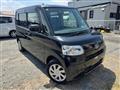 2010 Daihatsu Tanto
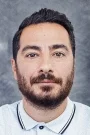 Navid Mohammadzadeh Film ve Dizileri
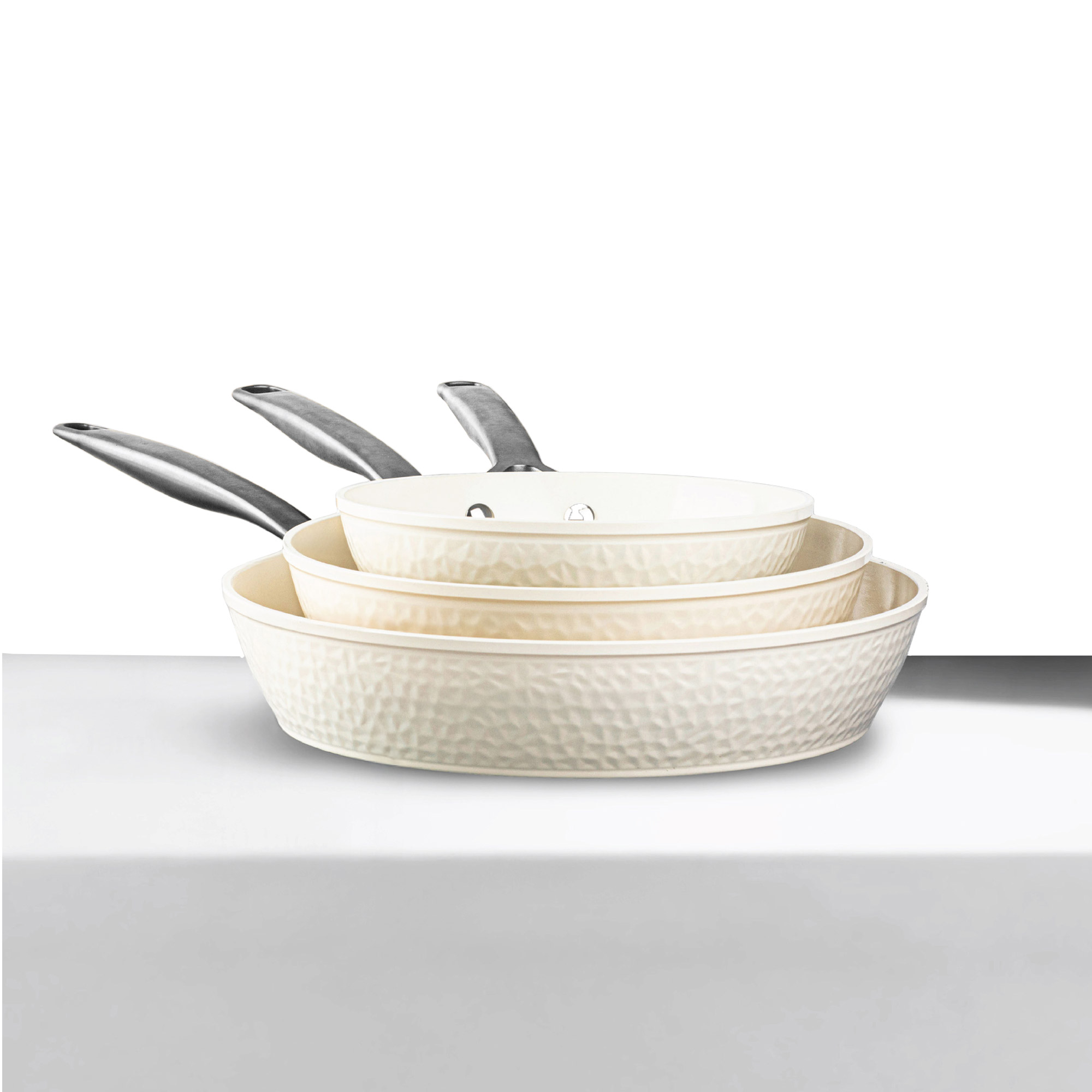 Enlarge Product Preview 5 Successfully Enriched by automation Job.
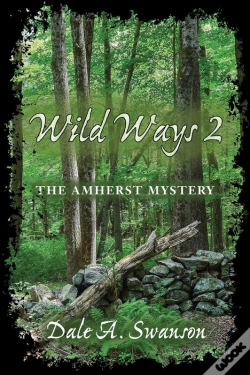 Capa do artigo Wild Ways 2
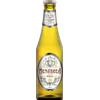 Menabrea Birra Menabrea Bionda 33 Cl 33 cl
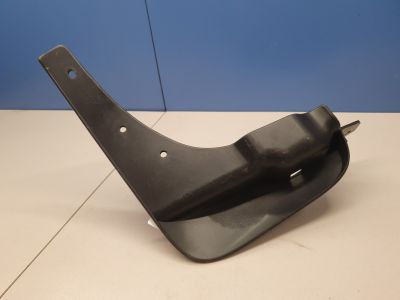 Брызговик передний правый для Nissan Murano Z51 2008-2015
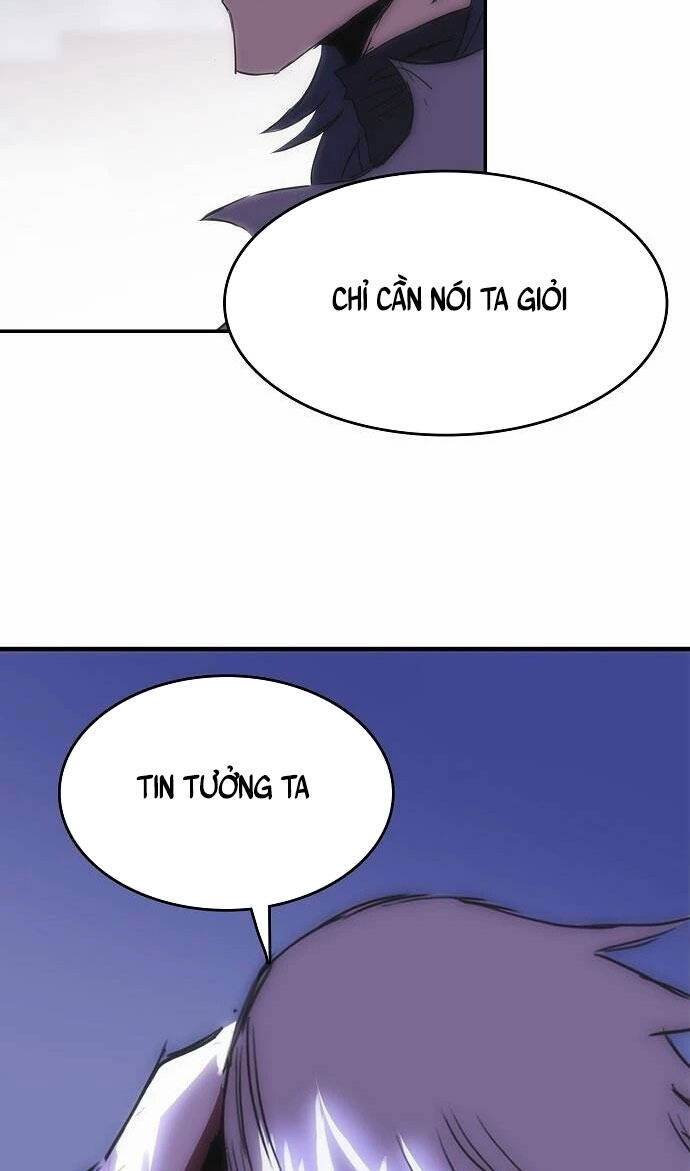 Bản Năng Hồi Quy Của Chó Săn: Chapter 43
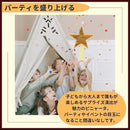 0000583f7ffd7dff6edf6fdf7dff7cbf7cbf5fdf76bf60af63df40ff44bd7f85010101010124101201240eb301551a1f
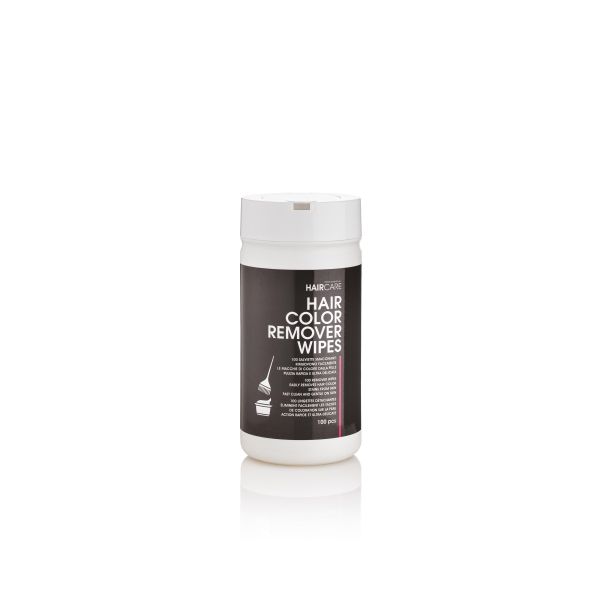 КЪРПИЧКИ ЗА ПОЧИСТВАНЕ НА БОЯ XANITALIAPRO STAIN REMOVAL WIPES 100 БР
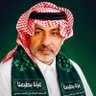 مبارك سرار الغباري profil fotoğrafı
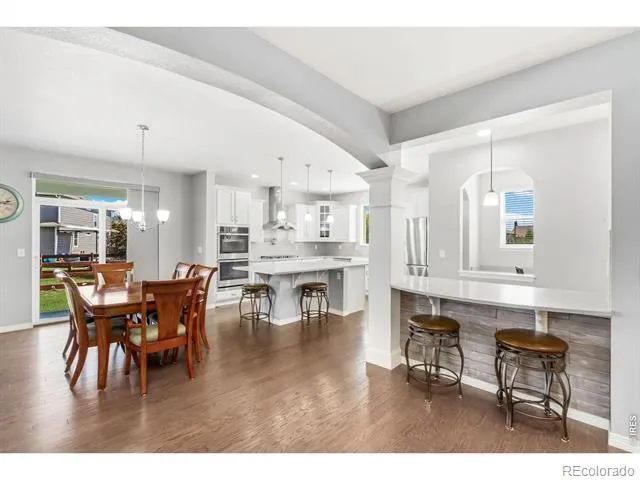 6063 Pryor Road Timnath, CO 80547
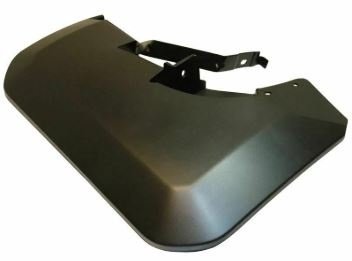 Ford Transit sárfogó gumi, jobb hátsó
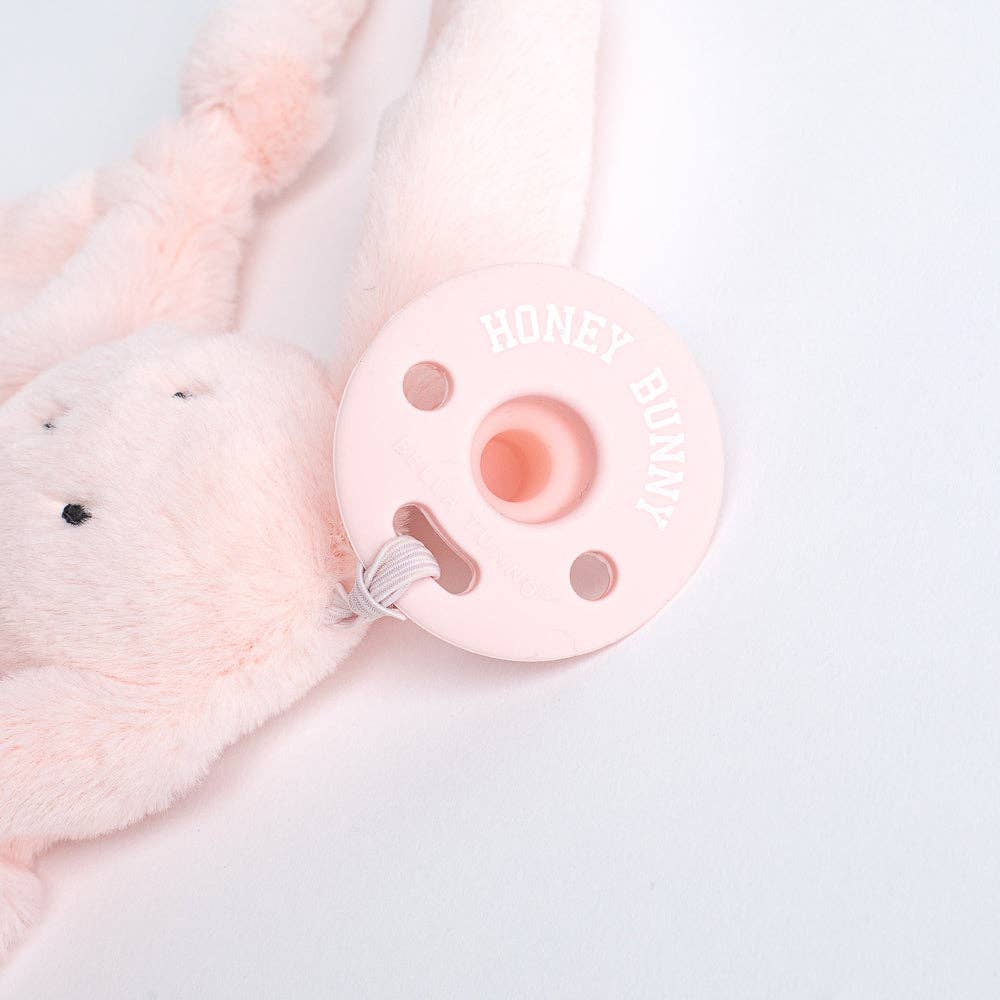 Bella Tunno - Bunny Bubbi™ Buddy - a gift that gives two meals  Bella Tunno   -better made easy-eco-friendly-sustainable-gifting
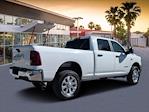 New 2026 Ram 2500 Big Horn Crew Cab for sale #R26243 - photo 3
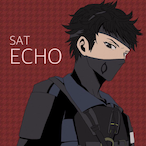 Echo_VX's Avatar'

Work instructions: Would you please write out exactly the lines between the line containing "Bella Tunno - Bunny" and the last line of the listing above, inclusive, without pictures?

Finished exercise:
 Bella Tunno - Bunny Bubbi™ Buddy - a gift that gives two meals  Bella Tunno   -better made easy-eco-friendly-sustainable-gifting
 New 2026 Ram 2500 Big Horn Crew Cab for sale #R26243 - photo 3
 Echo_VX's Avatar'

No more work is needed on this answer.